The selected compounds have been categorized into seven sets on the basis of their biological activities, viz. minimum concentration of varied anaesthetics required for complete block of excitability in sartorius muscle of the frog, minimum concentration of miscellaneous drugs for blocking electrical activity in frog muscle, minimum blocking concentration of miscellaneous alkanols to reduce action potential of frog nerves by 50%, relative biological response for neuromuscular blocking activity of aromatic bis-quaternary compounds on rabbit phrenic nerve diaphragm, minimum blocking concentration of pyrethroids to suppress action potential of central nerve cord of cockroach, 50% inhibitory growth concentration of miscellaneous aliphatic alcohols and esters to present toxicological activity in Tetrahymena pyriformis and binding affinity of 3-amidinophenylalanine derivatives towards thrombin. The biological activity data for these compounds have been taken from literature [10,11,12,13,14, 38, 39]. Regression analysis has been carried out to correlate descriptor values with observed activities to build a scrupulous and realistic QSAR model. In the study, the DFT-based reactivity descriptor, polarizability, is adopted as an independent variable, while log of inverse of minimum blocking concentration (MBC), log of relative biological response (RBR), log of inverse of inhibitory growth concentration (IGC) or log of inverse of binding affinity (Ki) is considered a dependent variable to establish QSAR model to predict the biological activity:

$$ {\log}\left( {\frac{1}{{{\text{MBC}}}}} \right) \;{\text{or}}\; \left( {{\text{RBR}}} \right) \;{\text{or}}\; \left( {\frac{1}{{{\text{IGC}}_{50} }}} \right) = a\alpha + b $$
(6)

and

$$ {\log}\left( {\frac{1}{{K_{i} }}} \right) = a\alpha + b\beta + c $$
(7)

In these expressions, log (1/MBC), (RBR), (1/IGC50) or (1/Ki) implies predicted biological activity, α indicates polarizability of the compound, while ‘a’, ‘b’ and ‘c’ represent constants calculated for respective set of compounds. β signifies the compressibility of the molecule. The total number of compounds in every set (n) is split into training and test set to develop the model and assess its predictive power, respectively. The division is made such that both the sets contain similar functional group as far as possible. Goodness-of-fit of the developed model is determined by coefficient of determination (R2), and robustness is evaluated by cross-validation coefficient (using leave-one-out method) (R2CV). Further, predicted residual error sum of squares and error bar analysis is used to test the uniformity and significance of the data. All the OECD principles have been followed; namely endpoint has been defined, an unambiguous algorithm is developed, applicability domain is defined, measures of goodness-of-fit, robustness and predictivity have been provided and finally, a mechanistic interpretation is also presented. The computations have been carried out using Minitab including the development, testing and validation of the developed regression models [40].

Results and discussion

The study describes the application of Tandon et al.’s polarizability in the real field as a predictor of biological activity for the chosen 312 compounds. Observed activity data (1/MBC or RBR or 1/IGC50 or 1/Ki) of the selected compounds are taken as the dependent variable, whereas polarizability (α) is considered as an independent variable in developing the regression models. As mentioned in the above section, the study has been performed by differentiating the selected compounds into seven categories. Discussion for each of the above-mentioned sets is presented in this part.

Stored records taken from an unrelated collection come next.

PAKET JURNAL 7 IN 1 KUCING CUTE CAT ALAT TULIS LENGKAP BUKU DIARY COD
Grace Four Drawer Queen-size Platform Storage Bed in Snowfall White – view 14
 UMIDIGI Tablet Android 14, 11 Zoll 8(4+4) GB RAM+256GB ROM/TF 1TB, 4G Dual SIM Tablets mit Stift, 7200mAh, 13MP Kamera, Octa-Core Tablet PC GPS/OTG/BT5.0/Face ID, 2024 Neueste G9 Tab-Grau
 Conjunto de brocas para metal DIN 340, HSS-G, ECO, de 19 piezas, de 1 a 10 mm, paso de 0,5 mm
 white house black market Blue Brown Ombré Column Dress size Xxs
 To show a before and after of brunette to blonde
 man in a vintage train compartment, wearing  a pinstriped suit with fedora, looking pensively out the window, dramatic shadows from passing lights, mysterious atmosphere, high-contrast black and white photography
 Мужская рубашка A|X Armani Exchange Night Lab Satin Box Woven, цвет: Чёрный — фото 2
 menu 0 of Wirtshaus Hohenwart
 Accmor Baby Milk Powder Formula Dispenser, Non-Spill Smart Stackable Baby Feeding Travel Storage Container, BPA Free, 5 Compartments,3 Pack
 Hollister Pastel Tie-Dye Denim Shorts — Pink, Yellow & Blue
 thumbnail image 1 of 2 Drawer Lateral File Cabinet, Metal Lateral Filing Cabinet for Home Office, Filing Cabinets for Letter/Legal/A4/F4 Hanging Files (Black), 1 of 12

Complete block of excitability in terms of minimum blocking concentration for sartorius muscle of the frog

The first set of compounds presents the potential of a broad variety of anaesthetics to block the sartorius muscle of the frog. Such blocking is possibly a result of nerve inhibition. The QSAR model obtained for the minimum blocking concentration using polarizability is represented by Eq. (8):

$$ \begin{gathered} \log \left( {\frac{1}{{{\text{MBC}}}}} \right) = \left( {0.019} \right)\alpha - \left( {0.596} \right) \hfill \\ n{ } = { }39,{ }R^{2} { } = { }0.950,{ }R^{2} _{\text{CV }} = { }0.938 \hfill \\ \end{gathered} $$
(8)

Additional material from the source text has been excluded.